For the third year in a row, Om Malik and the team put on a fantastic event about cloud computing last week. The GigaOm Structure 2010 event was bursting at the seams as people filled the main room to capacity (with a recurring plea by MC Joe Weiman asking people to try and find seats before the fire marshal drags them away for blocking the doors and aisles.)
The schedule included a main room with two days of panels and three breakout sessions during each of the breaks and lunches. Far too much information was shared to be conveyed in a blog post, and you can watch the full videos online, but I will summarize some of the takeaways I gleaned.
Cloud Is Here
For those of us in the space, this seems like a comment from yesteryear. But this year, the cloud has leapt from the believers to the masses. Discussions about “What is the cloud?” or “Isn’t the cloud just a return to the mainframe?” were nearly non-existent. Instead, the discussions were “How do we move our applications into the cloud?” and “How do we manage a blend of using the cloud and internal systems?” or “How do we scale our cloud?”

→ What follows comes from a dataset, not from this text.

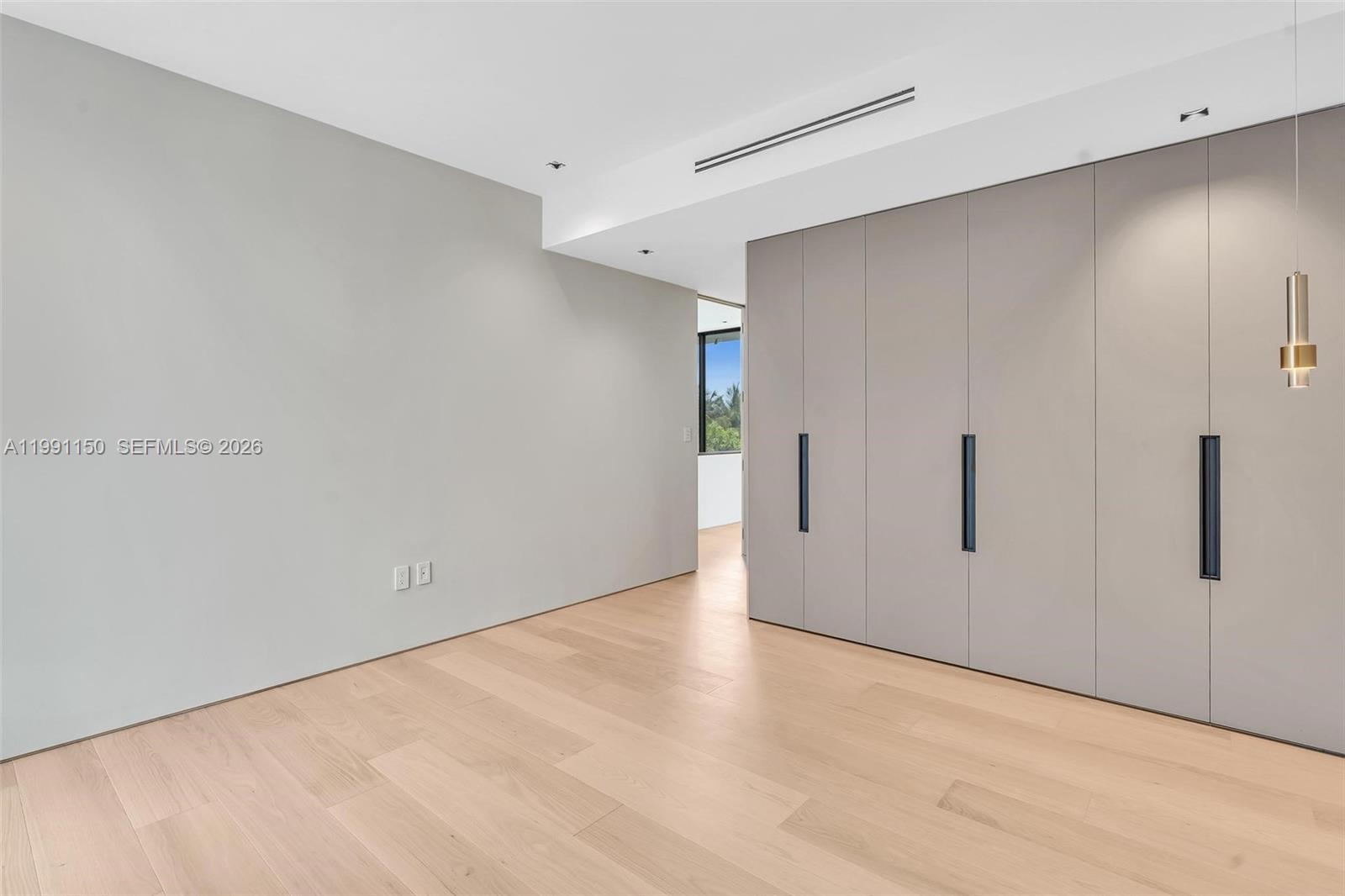 535 N Shore Dr Miami Beach, FL 33141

Even the federal government has become a huge proponent of cloud computing with Federal CIO Vivek Kundra making it one of his primary initiatives. Kundra started Apps.gov (a cloud computing resource for federal government agencies) and even Treasury.gov and Recovery.gov are built on cloud services.
Werner Vogels, CTO of Amazon Web Services said, “talk becomes action because people have understood that it will be a competitive disadvantage not to take advantage of the cloud.”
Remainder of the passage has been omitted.